Problem details =>
When you reach the line that contains "H&M Girl Sequin", begin copying exactly and continue through the last line below. Do not copy pictures.

START Recorded information

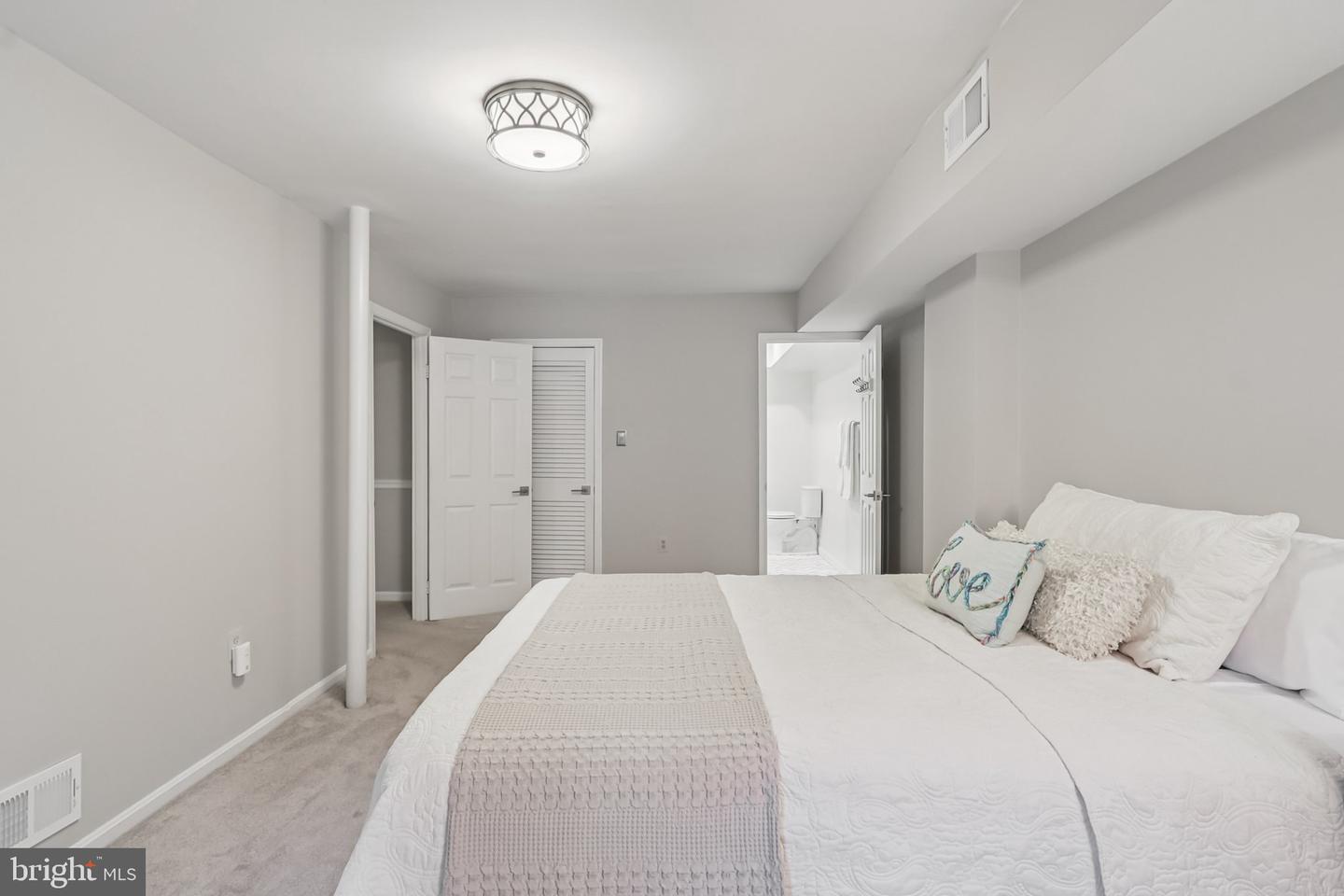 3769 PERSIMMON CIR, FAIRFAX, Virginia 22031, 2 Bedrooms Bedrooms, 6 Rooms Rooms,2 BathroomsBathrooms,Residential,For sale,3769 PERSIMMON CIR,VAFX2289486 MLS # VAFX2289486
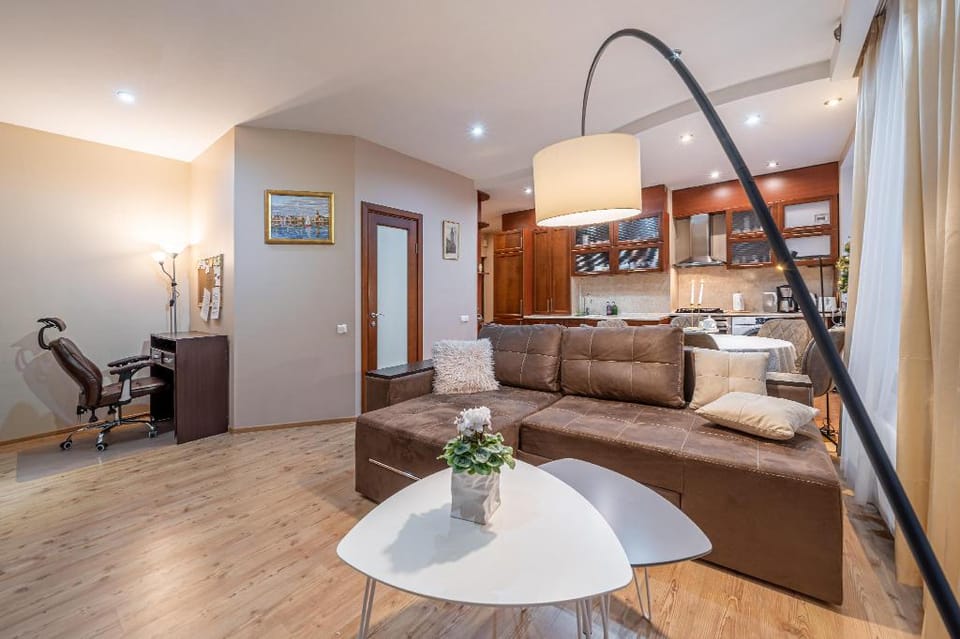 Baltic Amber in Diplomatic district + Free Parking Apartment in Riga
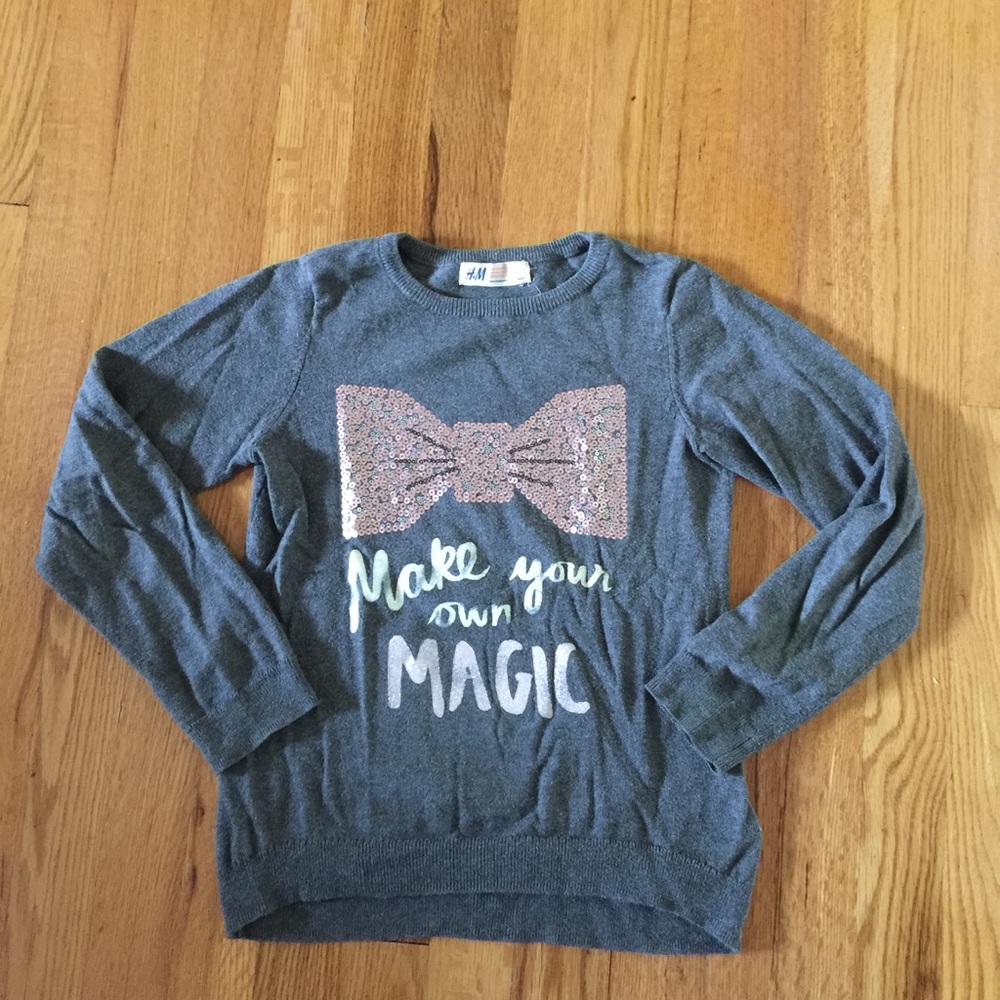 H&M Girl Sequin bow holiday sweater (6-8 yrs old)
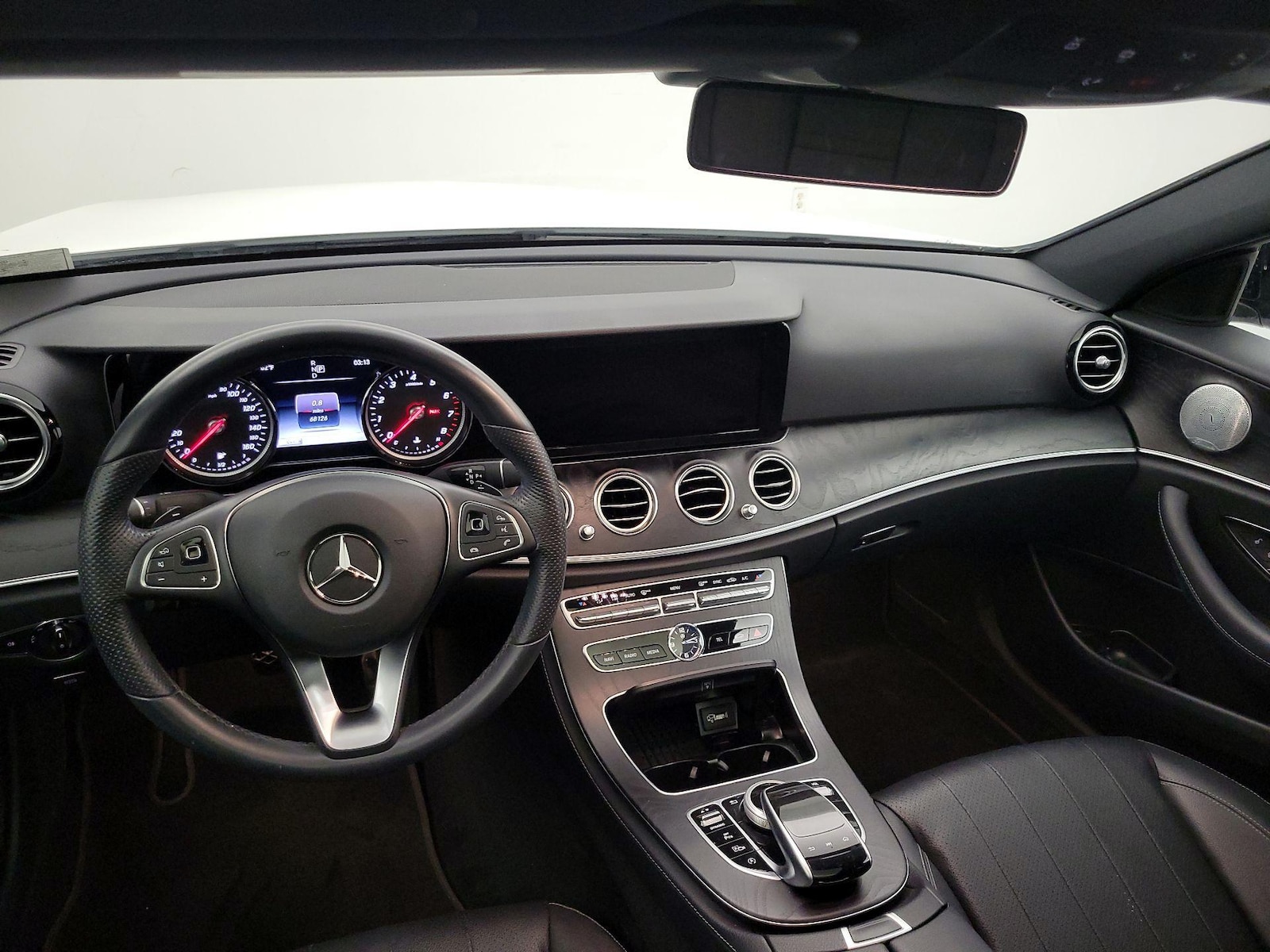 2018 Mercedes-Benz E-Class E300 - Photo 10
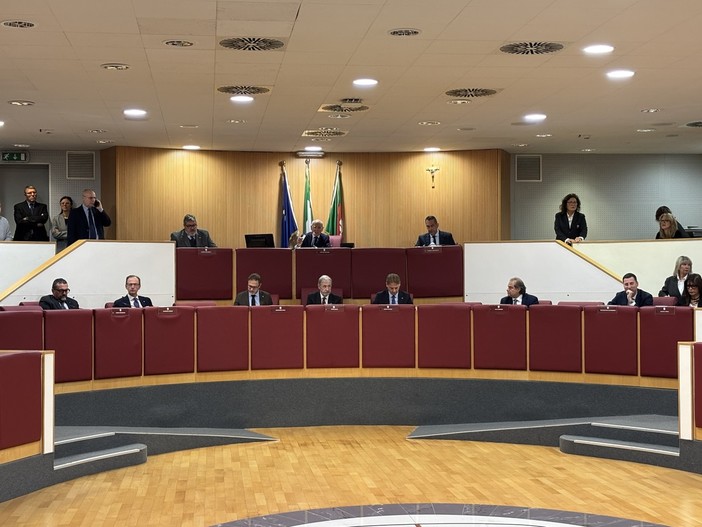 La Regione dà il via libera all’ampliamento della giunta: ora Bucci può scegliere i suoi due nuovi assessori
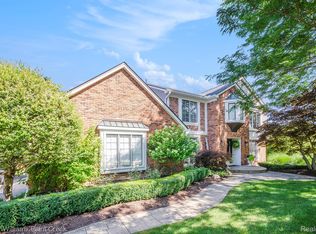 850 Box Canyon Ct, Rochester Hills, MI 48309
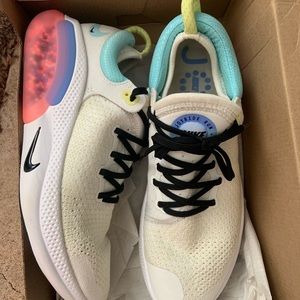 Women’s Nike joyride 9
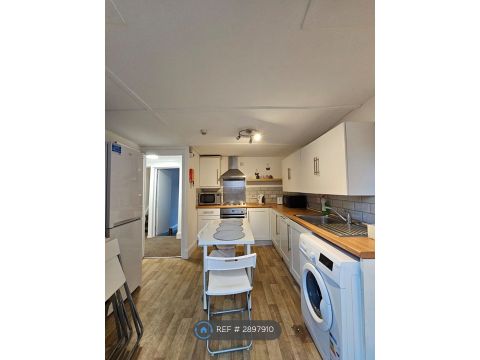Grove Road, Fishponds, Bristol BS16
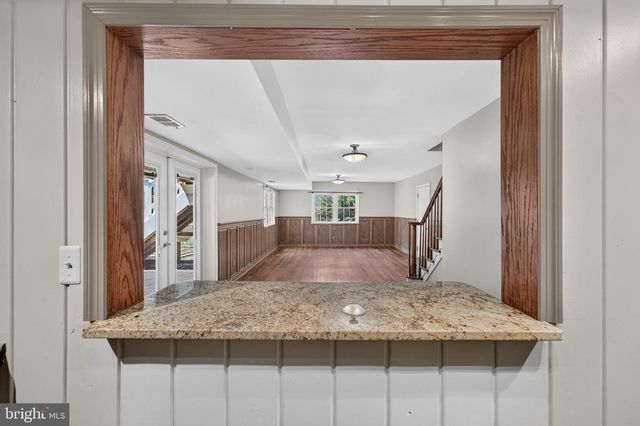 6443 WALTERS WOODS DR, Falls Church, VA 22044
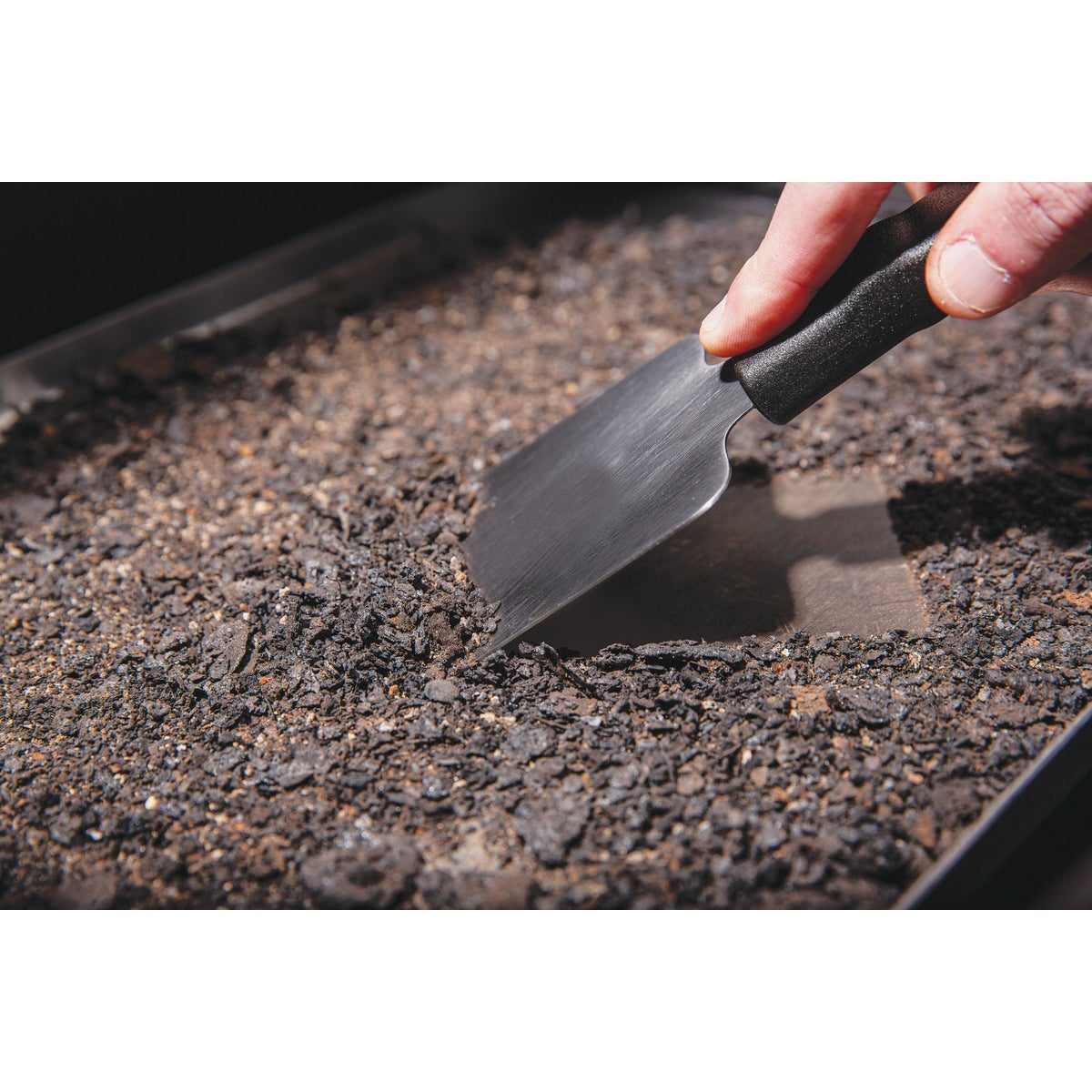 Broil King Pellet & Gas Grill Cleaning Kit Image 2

END Recorded information

Task output =>
 H&M Girl Sequin bow holiday sweater (6-8 yrs old)
 2018 Mercedes-Benz E-Class E300 - Photo 10
 La Regione dà il via libera all’ampliamento della giunta: ora Bucci può scegliere i suoi due nuovi assessori
 850 Box Canyon Ct, Rochester Hills, MI 48309
 Women’s Nike joyride 9
Grove Road, Fishponds, Bristol BS16
 6443 WALTERS WOODS DR, Falls Church, VA 22044
 Broil King Pellet & Gas Grill Cleaning Kit Image 2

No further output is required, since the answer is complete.